Closed hl2500 closed 2 years ago
Hi,
as far as I know there are no notebooks specifically dealing with adaptive sampling. Generally if the fraction of states is low that means that regions are disconnected and your sampling isn't good enough. You could define a reaction coordinate that steers the adaptive sampling process. Based on that you can then also pick frames to start new simulations.

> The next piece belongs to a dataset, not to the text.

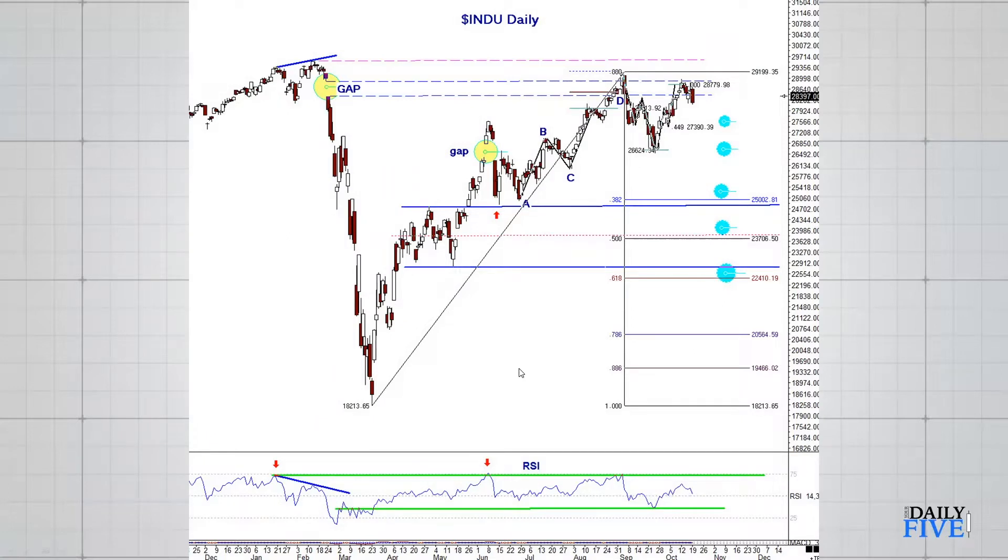Now let's look at the Dow Jones Industrial. This is a chart I've had on before, but I'll walk you through it quickly. These are what are called ABCD patterns. This one is a sell pattern, this one is a buy pattern, and we just recently had another ABCD sell pattern that completed up here at these previous resistance points, and we've had a turn to the downside.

Regarding the projections: I do not recommend using PCA for this, concerning TICA you can have a look at the free energy surface, this should give you some clues on the states the system likes to be in (in projected space). It is well possible that two components are not enough to adequately describe the energy wells and their proximity to another though.
Best, Moritz
For extracting the most probable structure (or, more precisely, the one that you've observed most frequently), you can conduct a histogram analysis in your transformed space. In a 2D space that could be done with numpy, but in general you can conduct a clustering with e.g. k-means and count the number of occurrences of each states with e.g. np.bincount(np.concatenate(cluster.dtrajs))
. From these histogram counts, you can select the state with the highest number of counts and draw frames from your simulation that were clustered in this state (e.g. with cluster.sample_indexes_by_cluster
). You can use pyemma.coordinates.save_traj
to write out frames.
Be aware that the states that you get here are purely based on your observation data and may be biased by limited sampling.
Thank you for the suggestions!
Hello,
Can I ask if there are any tutorials for adaptive sampling with pyemma? I was building a model but the fraction of states used is only 0.22. Is this because of the poor sampling and some of the states are disconnected? How could I know which trajectory frame I need to extract and start new simulations?
Also, can I ask how to extract the most probable structure from different states on TICA or PCA plots (e.g. IC1 X IC2), without building MSM?
Thank you!